Marijuana Industry Claims It Could Be Nation’s Top Job Creator

Workers clean up and check plant tags after transplanting marijuana plants to grow in a gr
File Photo: Matthew Staver/Bloomberg via Getty Images

A cannabis industry research and lobbying consultant is using Obama administration Department of Labor research to claim that legally supplying medical and recreational pot will lead American job growth, with a gain of 300,000 jobs over the next three years.

Washington DC-based New Frontier Data (NFD) raised an undisclosed amount of seed venture capital on October 22, 2015 as “an independent, data analytics company that provides real-time data solutions to trailblazers in the cannabis industry.”

Over the last 16 months, the company has produced at least 15 cannabis industry reports that analyze marijuana regulation and promote how the exploding American cannabis industry will lead America in job growth and solve public sector tax shortfalls.

According to their latest study, sponsored by M Jardin Premium Cannabis and titled “The State of Legal Marijuana Markets – 4th Edition,” New Frontier Data predicts that legal pot sales will grow at a 31 percent compounded rate, from $4.8 billion in 2014 to 22.6 billion in 2020.

The report’s authors claim the legal pot industry arose to provide medical marijuana after the U.S. federal government criminalized marijuana as the “Assassin of Youth.” But NFD sees the industry’s biggest growth coming from legalized adult recreational marijuana use in states like New York, Illinois and Maryland.

Beginning with Colorado offering the first adult recreational legalization of pot in 2014, NFD projects that legal recreation sales will account for 53 percent, or $12.1 billion, of legal pot sales by 2020.

To highlight the comparative economic development advantages of the 300,000 new legal marijuana jobs NFD predicts over the next three years, it refers to the 2015 Obama Labor Department’s 10-year employment forecast, which predicted American manufacturing jobs would actually shrink by 814,100 — from 12,188,300 in 2014 to 11,374,200 in 2024.

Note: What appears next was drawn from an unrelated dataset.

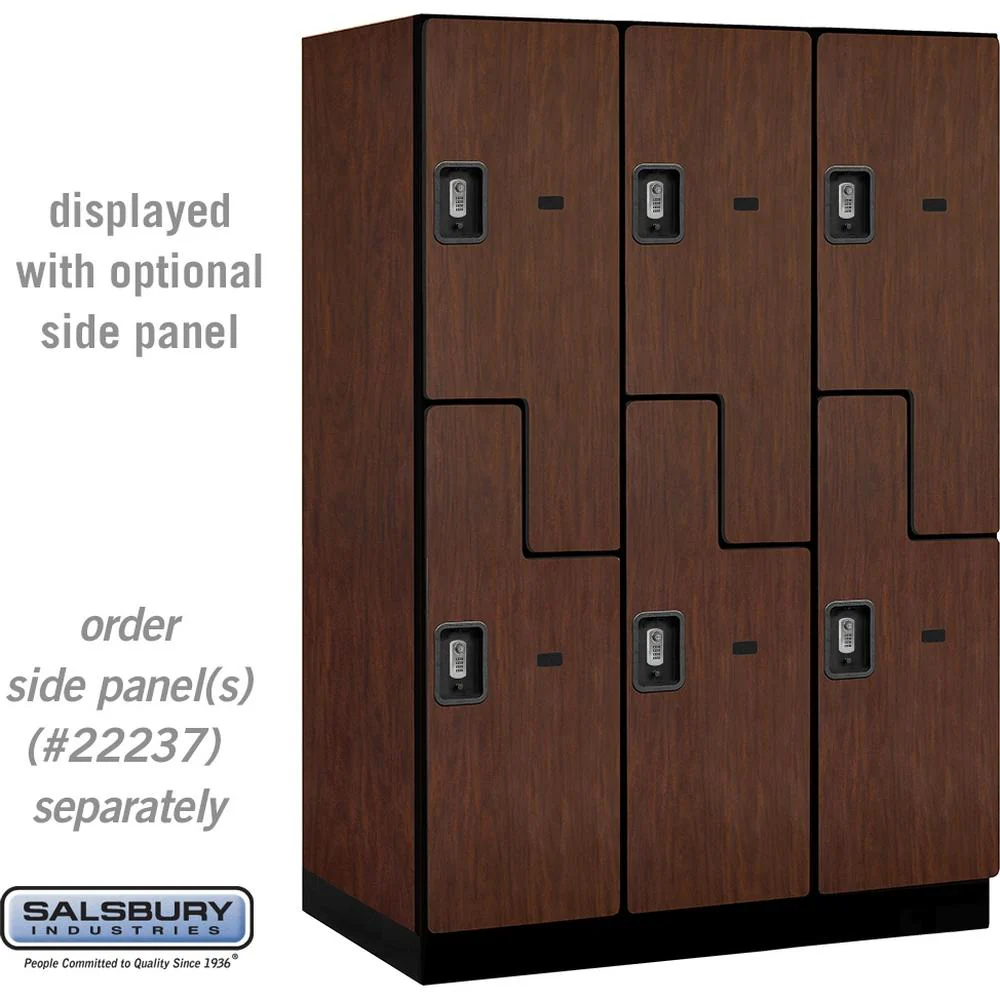 18" Wide Double Tier 'S' Style Designer Wood Locker - 3 Wide - 6 Feet High - 24" Deep by Salsbury - Image 31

The NFD report is especially high on “cannatourism,” as residents from restricted states travel to legal states to purchase legal pot and presumably satisfy the munchies by consuming mass amounts of sugared and salty treats from all-night convenience stores.

NFD emphasizes that its latest report will “help industry participants better understand the rapidly evolving global landscape and be better prepared for the expanding worldwide opportunity of legal cannabis.”